I remember freshman/sophomore physics frequently turned off a lot of freshman and sophomore engineering majors. At quite a number of universities, the freshman/sophomore physics sequence of courses were used as "weed out" courses to kick out as many engineering majors as possible. Especially after the first course on classical mechanics. The second (or third) course on electricity and magnetism further "thinned out the herd".
I took an electrical systems class through the engineering school rather than subject myself to Physics II.

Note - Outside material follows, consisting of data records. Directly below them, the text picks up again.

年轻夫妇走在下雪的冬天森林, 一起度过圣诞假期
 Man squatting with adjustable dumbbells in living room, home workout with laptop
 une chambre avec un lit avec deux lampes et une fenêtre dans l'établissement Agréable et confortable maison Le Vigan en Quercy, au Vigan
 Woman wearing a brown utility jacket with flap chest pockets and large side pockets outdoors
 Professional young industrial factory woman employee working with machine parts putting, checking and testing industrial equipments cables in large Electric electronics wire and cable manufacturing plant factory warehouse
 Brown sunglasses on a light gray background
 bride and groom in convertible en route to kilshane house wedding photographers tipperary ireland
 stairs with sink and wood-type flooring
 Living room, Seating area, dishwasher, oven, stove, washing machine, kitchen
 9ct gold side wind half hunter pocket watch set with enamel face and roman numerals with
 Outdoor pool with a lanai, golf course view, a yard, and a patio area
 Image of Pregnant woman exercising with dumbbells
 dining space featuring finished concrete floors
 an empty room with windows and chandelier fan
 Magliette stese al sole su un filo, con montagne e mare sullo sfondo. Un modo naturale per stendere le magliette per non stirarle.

I didn't take a lot of physics towards the end of my time in college. Just the freshman/sophomore sequence which the engineering majors had to take, and several optional courses like modern physics (basically an intro to quantum mechanics course for engineering majors) and an intermediate course on classical mechanics (mostly Lagrangian stuff). The intermediate classical mechanics course actually helped quite a lot in understanding and appreciating the basic quantum mechanics stuff (in the modern physics course), which would otherwise seem like a "deus ex machina". (I took that intermediate classical mechanics course and also an "advanced math methods for engineers" course in the previous semester, before taking that modern physics for engineers course).